The smaller a sample is, the harder it is to make decisions based on it.  In general, the larger a sample is, the less likely random variation is to make the results deceptive.  When you have to use a small sample, you can make the decision using binomial distributions.

A tree poison company claims that their new poison is much more effective than older poisons.  They support their claim with data from an experiment, in which they poisoned 10 trees with their poison.  Their poison killed 8 of the trees, while their rivals claim only a 40% kill rate on their containers. Is their poison better?

Solution

Firstly, we formulate the hypotheses:

Null hypothesis, H0

The new poison is no more effective.

Alternative hypothesis, H1

The new poison is more effective.

Since we are using binomial distributions, we must find out s and f for the old rival poison (s = chance of success, f = chance of failure):

s = 0.4, f = 0.6

We know n = 10, so we can look up the binomial table:

 X 0 1 2 3 4 5 P(X) 0.006 0.0403 0.1209 0.215 0.2508 0.2007 X 6 7 8 9 10 P(X) 0.1115 0.0425 0.0106 0.0016 0.0001

In this table, capital ‘X’ is a number of successes out of 10, and the probability below them is the chance of that number of successes happening. The P(X) means, say for the top of the first column, that the probability of there being 0 successes out of 10 trials is 0.006.

Now say we used the old poison on 10 trees.  It might kill say 4 trees – like it should according to the 40% kill claim.  Say I apply it to another 10 trees.  This time it might kill only 3, or maybe 5.  Using the table, we want to find out the probability of the old poison killing 8 or more trees out of the 10, and hence matching the new poison’s performance.

So we add up P(X = 8) + P(X = 9) + P(X = 10)

= 0.0106 + 0.0016 + 0.0001

= 0.0123

= 1.23%.

So using the old poison, there is only a 1.23 % chance that it would kill 8 or more trees out of 10 when applied.

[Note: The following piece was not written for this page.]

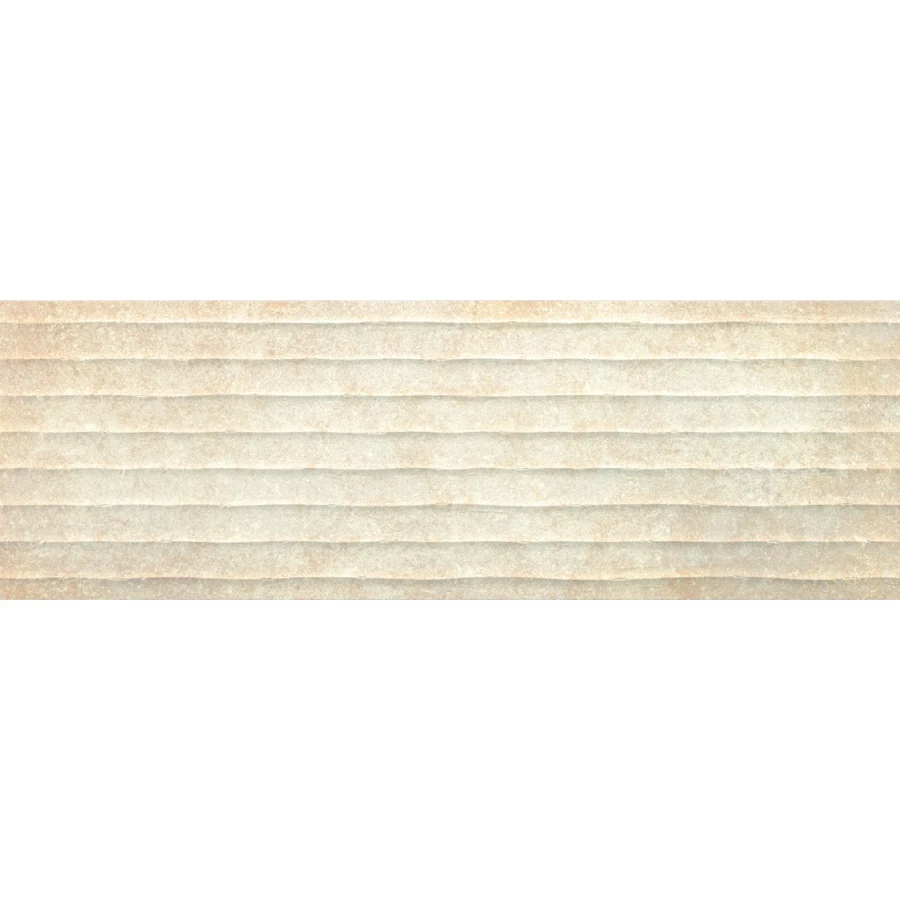 Плитка настенная Baldocer Code Tesla Sand матовая бежевая 120х40 см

For the claim about the new poison to be valid, this chance would usually have to be less than 5%.  In other words, there would have to be a less than 5% probability of the new result occurring randomly using the old poison.  So the experiment does prove beyond reasonable doubt that the new poison is better.  We can say there is sufficient evidence to support the claim about the new poison.

We would accept the alternate hypothesis in this case.